Sony BMG: Making One Copy of a Song You Own for Yourself Is Stealing

Illustration for article titled Sony BMG: Making One Copy of a Song You Own for Yourself Is Stealing

If you weren't aware, the first jury trial for copyright infringement via file-sharing, Capitol Records, et al v. Jammie Thomas, is currently underway, with the RIAA and multiple labels seeking $1.2 million in damages against Thomas. The labels' first witness, Jennifer Pariser, head of litigation for Sony BMG, offered testimony that pretty much encapsulates everything wrong with the way the RIAA sees things. When asked if it was wrong for consumers to make a single copy of music they've purchased, she responded, "When an individual makes a copy of a song for himself, I suppose we can say he stole a song." Making "a copy" of a song you bought is "a nice way of saying 'steals just one copy.' "

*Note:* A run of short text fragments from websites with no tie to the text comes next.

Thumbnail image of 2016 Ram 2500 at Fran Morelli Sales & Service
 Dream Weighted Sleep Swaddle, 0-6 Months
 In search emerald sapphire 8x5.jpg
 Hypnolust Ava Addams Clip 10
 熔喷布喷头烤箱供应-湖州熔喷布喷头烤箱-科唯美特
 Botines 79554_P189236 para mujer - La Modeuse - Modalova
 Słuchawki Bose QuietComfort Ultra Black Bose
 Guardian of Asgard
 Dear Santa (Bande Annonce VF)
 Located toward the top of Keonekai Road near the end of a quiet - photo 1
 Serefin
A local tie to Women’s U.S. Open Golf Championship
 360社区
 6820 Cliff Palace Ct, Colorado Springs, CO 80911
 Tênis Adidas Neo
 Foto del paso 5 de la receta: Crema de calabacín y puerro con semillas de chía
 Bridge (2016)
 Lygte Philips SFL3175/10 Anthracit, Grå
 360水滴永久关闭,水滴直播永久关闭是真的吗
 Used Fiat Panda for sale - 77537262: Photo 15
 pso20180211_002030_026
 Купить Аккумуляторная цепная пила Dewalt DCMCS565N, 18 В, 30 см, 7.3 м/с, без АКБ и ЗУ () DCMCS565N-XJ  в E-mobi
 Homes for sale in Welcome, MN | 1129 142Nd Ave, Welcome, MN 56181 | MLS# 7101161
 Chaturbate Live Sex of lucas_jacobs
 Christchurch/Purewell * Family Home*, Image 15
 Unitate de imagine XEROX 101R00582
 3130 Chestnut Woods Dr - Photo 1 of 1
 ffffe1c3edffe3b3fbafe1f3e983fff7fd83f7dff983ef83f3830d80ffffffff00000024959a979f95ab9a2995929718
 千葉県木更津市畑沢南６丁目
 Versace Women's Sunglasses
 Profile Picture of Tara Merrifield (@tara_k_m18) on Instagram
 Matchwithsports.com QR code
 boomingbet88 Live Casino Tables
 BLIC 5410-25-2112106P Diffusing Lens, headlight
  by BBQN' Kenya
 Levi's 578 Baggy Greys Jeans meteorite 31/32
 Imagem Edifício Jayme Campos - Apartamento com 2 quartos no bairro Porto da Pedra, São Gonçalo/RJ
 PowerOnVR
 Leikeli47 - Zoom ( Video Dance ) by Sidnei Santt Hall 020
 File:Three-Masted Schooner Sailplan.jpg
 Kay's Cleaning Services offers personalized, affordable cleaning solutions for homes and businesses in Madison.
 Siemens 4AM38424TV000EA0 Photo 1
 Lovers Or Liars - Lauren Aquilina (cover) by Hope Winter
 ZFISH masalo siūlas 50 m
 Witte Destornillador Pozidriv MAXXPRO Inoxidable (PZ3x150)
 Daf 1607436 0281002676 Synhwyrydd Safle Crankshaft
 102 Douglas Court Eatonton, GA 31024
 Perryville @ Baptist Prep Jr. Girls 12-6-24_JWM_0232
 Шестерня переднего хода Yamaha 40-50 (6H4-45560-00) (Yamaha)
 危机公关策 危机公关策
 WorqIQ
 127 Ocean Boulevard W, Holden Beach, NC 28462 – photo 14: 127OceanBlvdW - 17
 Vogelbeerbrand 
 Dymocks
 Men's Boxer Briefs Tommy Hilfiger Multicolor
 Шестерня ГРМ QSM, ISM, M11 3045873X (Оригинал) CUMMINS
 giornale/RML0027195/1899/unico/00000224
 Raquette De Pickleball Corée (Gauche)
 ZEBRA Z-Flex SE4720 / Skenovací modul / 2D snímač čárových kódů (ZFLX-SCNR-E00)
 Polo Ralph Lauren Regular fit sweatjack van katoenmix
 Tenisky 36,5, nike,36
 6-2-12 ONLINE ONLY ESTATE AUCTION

Thanks for clearing that up, Jennifer. It's nice to know I "stole" the wallet of copied CDs in my car, which I burned from my purchased discs precisely because I'm paranoid about the real set I paid for getting jacked. Guess that also makes the multiple copies of tracks I have spread across multiple computers dirty, thieved contraband. Raise your hand, fellow criminals. [Ars via Consumerist, Image via Flickr]


@Bokusatsu_Tenshi said:

>> Artists must be valued, but the way it happens today is just

>> too much, it's extreme and out of control. People go rich over a single

>> (and not rarely shitty) record or music. Not only go a little rich, but like

>> get rich for 4 or 5 generations.

bzzzzzt. wrong. Artists make squat on their first album, typically having to repay the record label for recording and touring advances first. Usually the same applies to their second album as well depending on the contract. In my Entertainment Law class we broke it down and an artist/band typically will net about $100,000 for a hit debut album. If it's a band, divide by each member to see how much a person takes home.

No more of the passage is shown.